Dziewczyna zacisnęła lekko wargi i wyciągnęła swoją rękę. Uchwyciła go delikatnie za dłoń i ścisnęła.

-Czujesz coś? 

-Nie. -A szczerze chciał by poczuć jej gładką dłoń na swojej skórze.

Wbiła mu lekko paznokcie.

-A teraz? 

-Nic. 

-Cholera.

Pięknie ujęta sytuacja. Przyciągnęła go do siebie na co on zmarszczył brwi. Stała za blisko. Nie znosił gdy była tak blisko. Zbyt wiele odczuć na raz. Nie patrząc na jego wyraz twarzy zaczęła uważnie lustrować mu ramiona. Błądziła palcami po jego skórze szukając ran, a on nic nie czuł. Nie wiedział czy ma za to dziękować czy kląć. Miała takie zgrabne dłonie. Jej oczy śmigały we wszystkie strony. W końcu natrafiła na drobną rankę, z której wpłynęło kilka kropel krwi.
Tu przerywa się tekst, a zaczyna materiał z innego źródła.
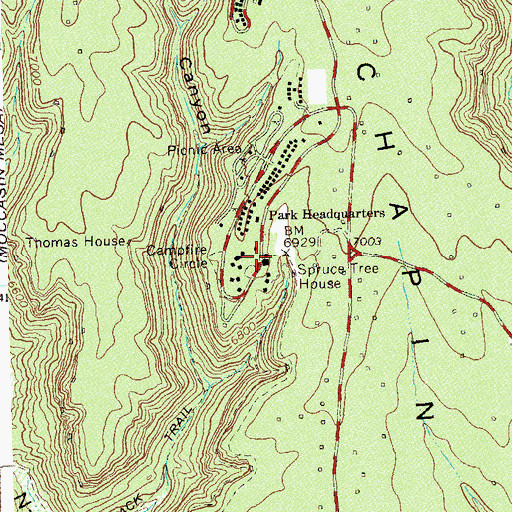 Topographic Map of Mesa Verde National Park Chief Ranger's Office, CO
Z tarła ją palcami i przyjrzała się uważnie szkarłatnej substancji. Zmarszczyła brwi, dla niego wyglądało to na zwyczajną krew. Podsunęła sobie ją lekko pod nos i powąchała. Natychmiast na jej twarzy pojawił się grymas obrzydzenia i zaczęła energicznie wycierać rękę w spodnie, krzywiąc się przy tym.

-Ma aż tak przeterminowaną krew? -Zaśmiał się Hidan. 

-To nie jest krew. -Odpowiedziała mu. -To trucizna. 

-Jaka znowu trucizna? -Spytał Kakuzu. 

-Dobra, przesadziłam. -Mruknęła dziewczyna zakładając ręce na piersi. -To substancja paraliżująca. Tojad czerwony, w wyglądzie do złudzenia przypomina krew, ale śmierdzi jak padlina. Nie rób takiej miny, bo nie umrzesz od tego. 

-A mogę wiedzieć jakim cudem zatrułem się tym cholerstwem? -Spytał wściekły.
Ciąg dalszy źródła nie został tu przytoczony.